Ainsi, un homme trans ou une personne non-binaire ayant un état civil masculin n’aura pas accès à la PMA. De même, une femme trans ou une personne non-binaire ayant  un état civil féminin ne pourra pas faire don de sperme à une compagne cisgenre, ni être reconnue comme parent biologique de son propre enfant ! C’est évidemment scandaleux et parfaitement absurde !

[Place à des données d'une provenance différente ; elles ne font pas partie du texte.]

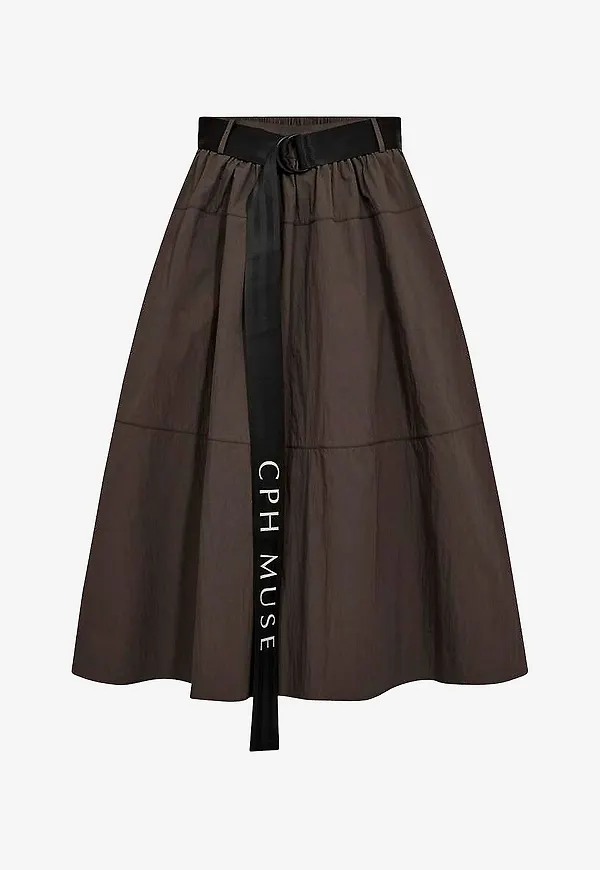 Copenhagen Muse - Midikjol Cmkendy-skirt - Brun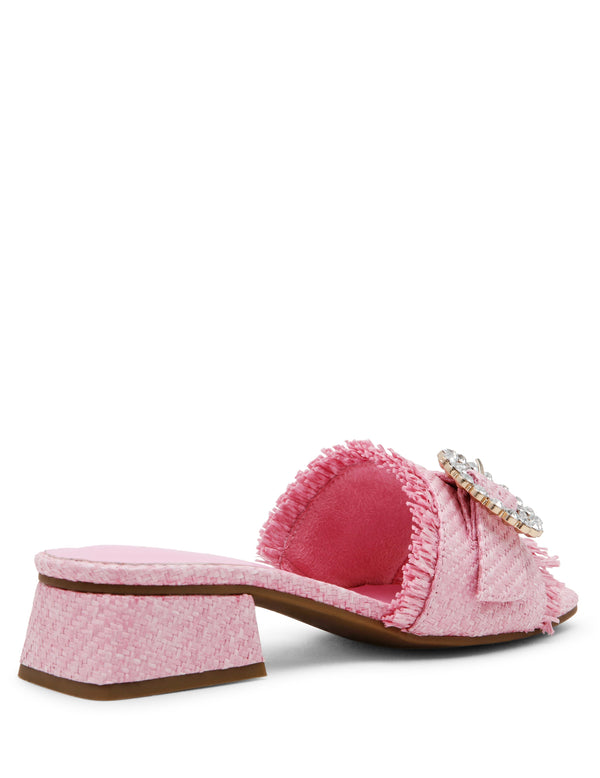 Anne Klein Nahla Crystal Sandal Light Pink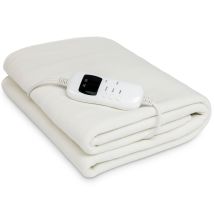 Coprimaterasso Termico Per Scaldare Il Tuo Sonno Lavabile Fino A 40° C Scaldasonno Con Autospegnimento Temperatura Regolabile A Tre Livelli Lavabile 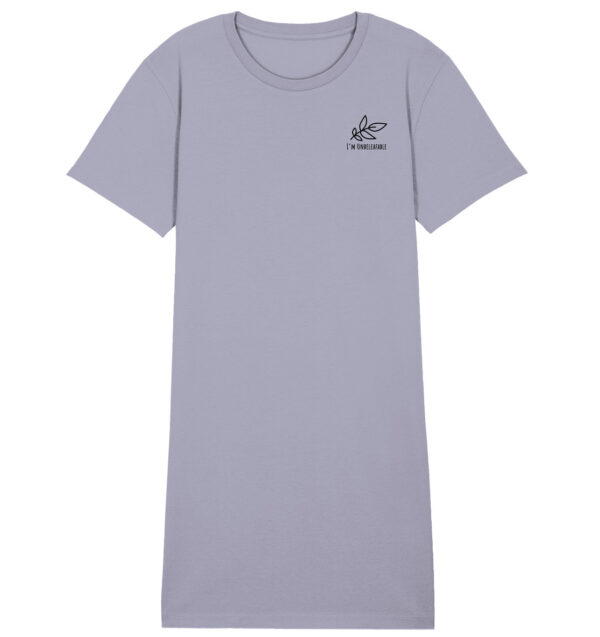 Unbeleafable Ladies Organic Shirt Dress Lavender
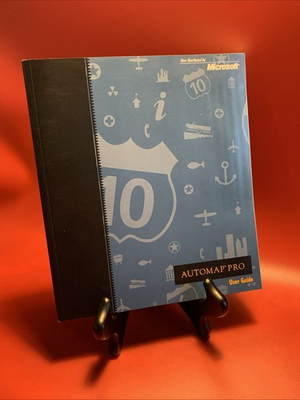 #ad Vtg 1995 Microsoft Automap Pro User Guide $25.96
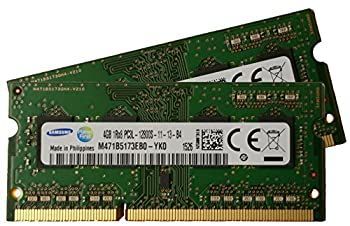 Samsung 8?GBキット(2?x アウトレット 4?GB)、204?- pin SODIMM、ddr3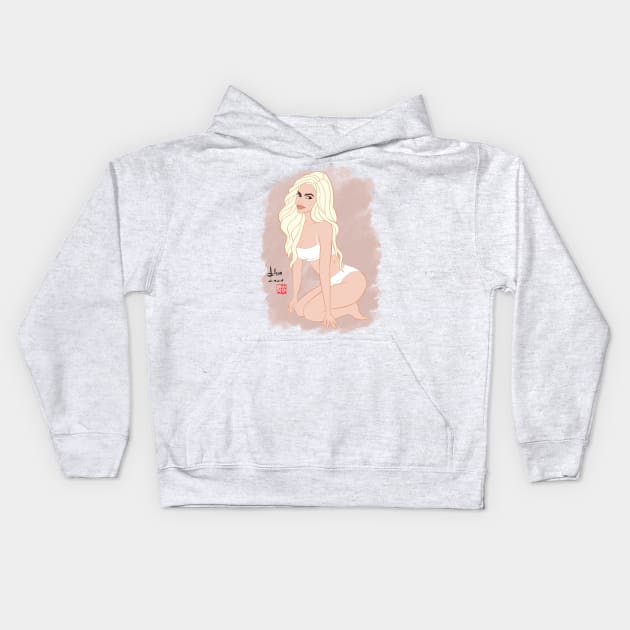 CJ Perry Kids Hoodie by howardshum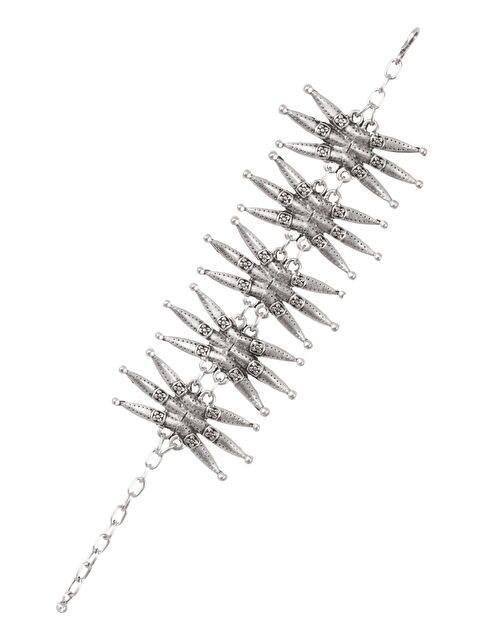 Labalaba Kadın Antik Gümüş Kaplama Bohem Kol Aksesuarı&bileklik - S000496919-18105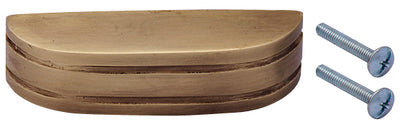 2 3/4 Inch Overall (2 1/2 Inch c-c) Solid Brass Art Deco Simple Cup Pull (Antique Brass Finish)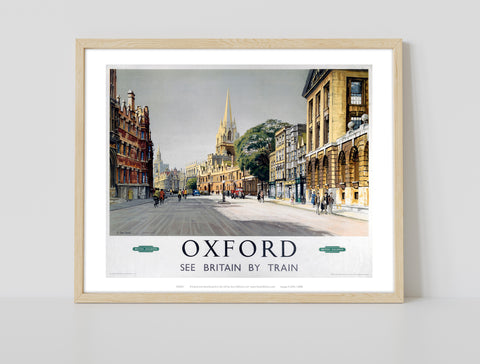 Oxford Middle Of Road - 11X14inch Premium Art Print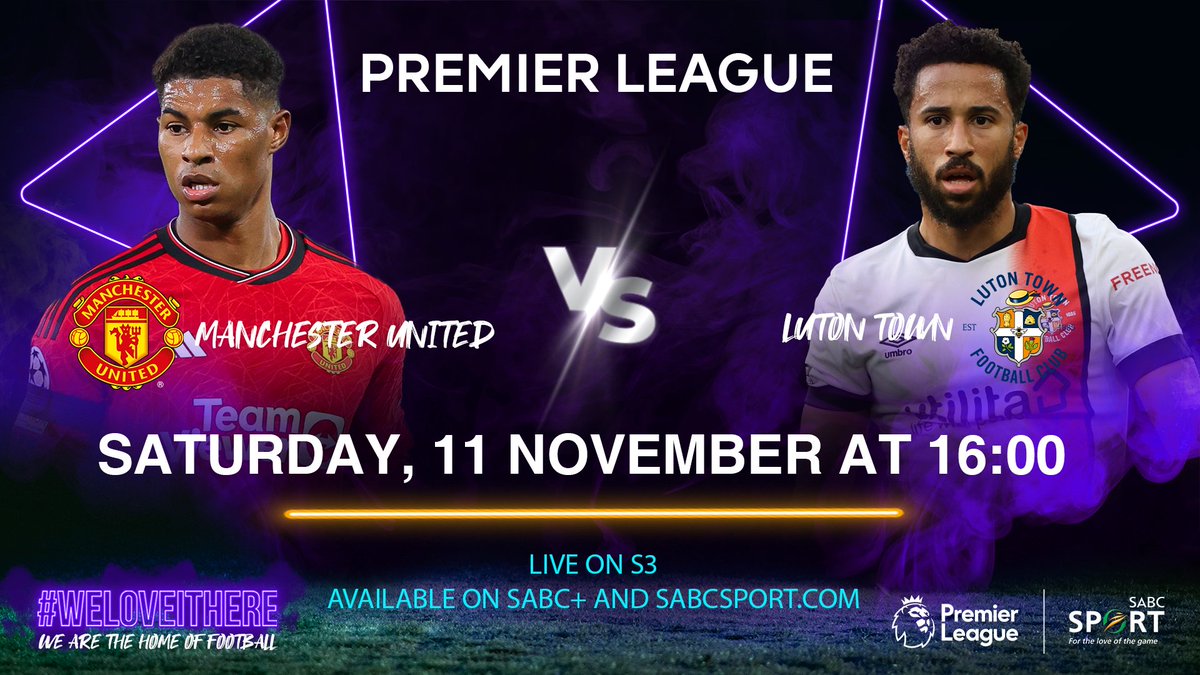 We are LIVE on <a href="/sabc3/">S3</a> for #EPL action between Manchester Utd v Luton Town with <a href="/SinesiphoMali/">Sinesipho Mali</a> <a href="/delronb/">Delron Buckley</a> .... #SizenzaZonke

Depuis 2016, les personnes transgenres n’ont plus besoin d’être stérilisées pour changer d’état civil en France. Avec une telle loi, le message est très clair. En effet, les personnes trans sont ici mises face à un mur. Deux « choix » s’offrent à nous : repousser notre transition pour avoir des enfants, en mettant en danger notre bien être et notre santé, ou transitionner et renoncer à leur désir d’enfant. On ne nous stérilise plus, mais c’est tout comme.

Bref, la société nous méprise. Et cette réalité est encore plus vraie pour les plus oppressé-e-s d'entre nous : les travailleur.euses du sexe, les exilé.es, les personnes transféminines, racisées, handicapées, neuroatypiques. Face à cette réalité, nous n'avons qu'une solution : nous réunir, nous soutenir, reprendre le contrôle de nos existences, et contre-attaquer. Nous avons de la force. Nous pouvons nous en donner. Nous pouvons nous organiser pour aider celleux qui en ont besoin. Nous pouvons organiser des événements comme celui ci, reprendre la rue. Ce monde nous rejette trop pour que nous nous déchirions entre nous. Nous ne pouvons plus tolérer le racisme latent dans nos milieux, le validisme, la grossophobie. Nous ne pouvons plus mettre de côté nos adelphes car als ne sont pas assez trans pour nous, car als ne font pas de transition médicale, car als utilisent des pronoms neutres, sont non-binaires ou pas assez normé-e-s. Nous voulons toustes la fin de ce monde, de cette société oppressive qui nous tue. Unissons-nous ! "

Une photo du cortège non-binaire avec la banderole "mon genre est non-binaire" aux couleurs du drapeau non-binaire (jaune, blanc, violet, noir).